A lot of your lunches are designed to be leftovers from dinner the previous night. You don’t need to double the dinner recipe in order to make enough for leftovers; your leftovers are built into the meal plans and the recipes that are used. The shopping list will always be appropriate for the amount of food necessary.

Shopping Lists

There are lots of items that you may not need to buy every week and that have a long shelf life (think frozen berries and eggs). In our shopping list there is a small area where you can fill in the amount of each ingredient you already have in your kitchen before you head to the store. This means if you already have 6 eggs from last week and you need 12 for the meal plan, you know you only need to buy a half-dozen and be good for the week.
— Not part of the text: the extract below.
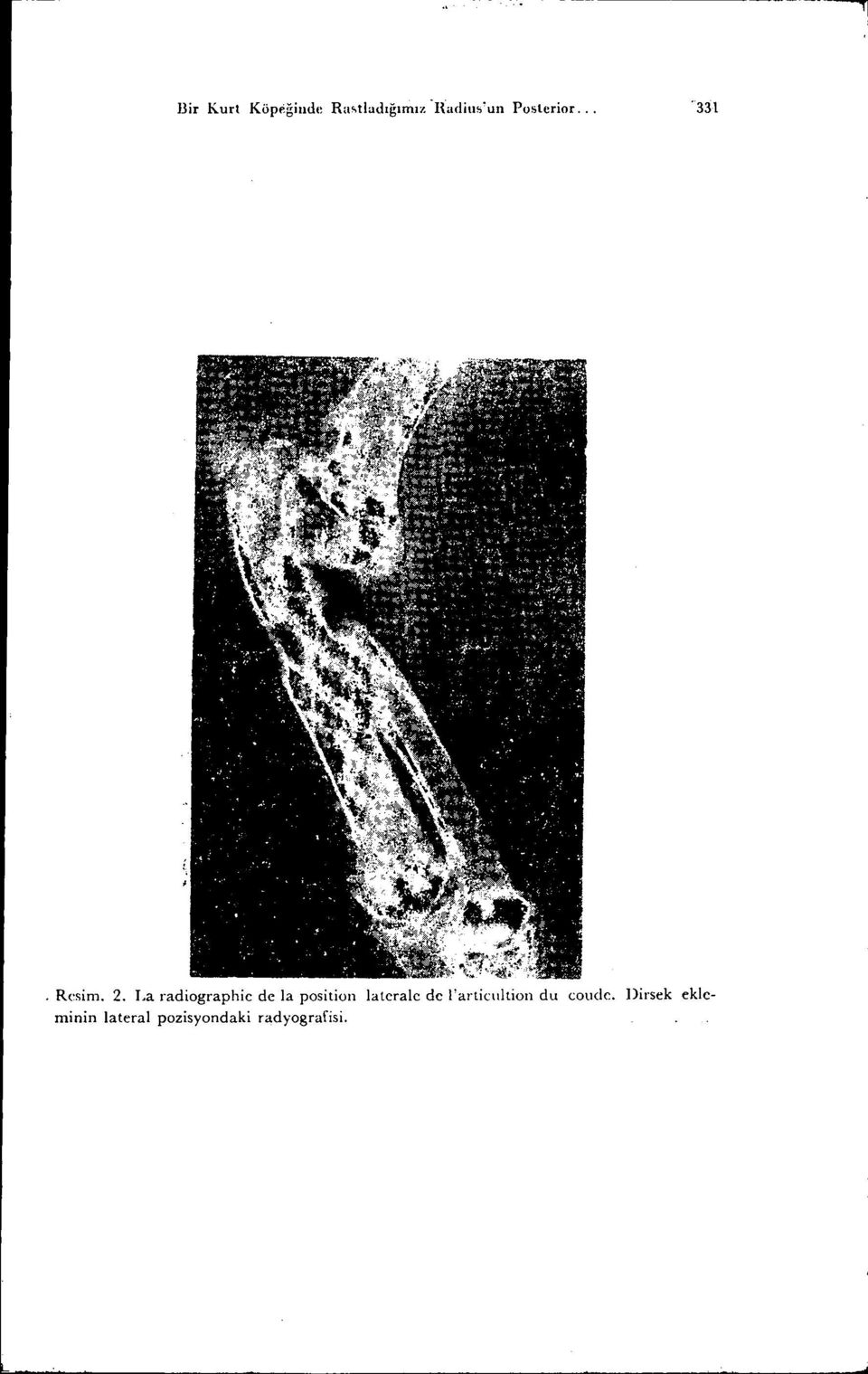 La radiographie de la posilion laleralc de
You’ll also find numbers next to each of the items on the shopping lists. Those numbers correspond to the meal numbers on the meal plan; each meal of the week has a number. We include the numbers of the meals on the shopping list so that if there’s a particular meal you don’t like, or if you know you won’t be making that recipe for some other reason, you can avoid buying the items for that recipe.

Prep list

You will be provided a Prep List every week to help you know when to pre-cook and/or chop items that will be used throughout the week. For instance, if you’re making bacon and hard boiled eggs for breakfast on a Monday morning, we may suggest in the prep list that you hard boil 6 extra eggs for the next day’s lunch. This should help you save time and brain space.

Flex Days

The Flex Day is an optional day for you to follow the meal plan. You might have a busy schedule, a lunch meeting, or even a holiday with special meals planned on one of the days of the week, which makes following the meal plan on a particular day difficult. So each week’s plan will include a flex day, and you’ll be provided with two shopping lists. One shopping list will include every item for the whole week (“Full Shopping List”), and one list will leave out the items for the meals in the flex day (“Flex Shopping List”). Choose which you want to follow, and take that list to the grocery store.

Obviously, you can feel free to move that day around, or break it up across several days. Just be watching for how we use leftovers so you’re not suddenly unprepared for a lunch one day.


You’ll use weekend lunches and snacks as a chance to graze the fridge and pick out any meals you may have missed over the week. There may be a few pieces of fruit left, or even a salad from the week’s lunch. Take this opportunity to finish the week’s groceries so you’re not throwing anything away.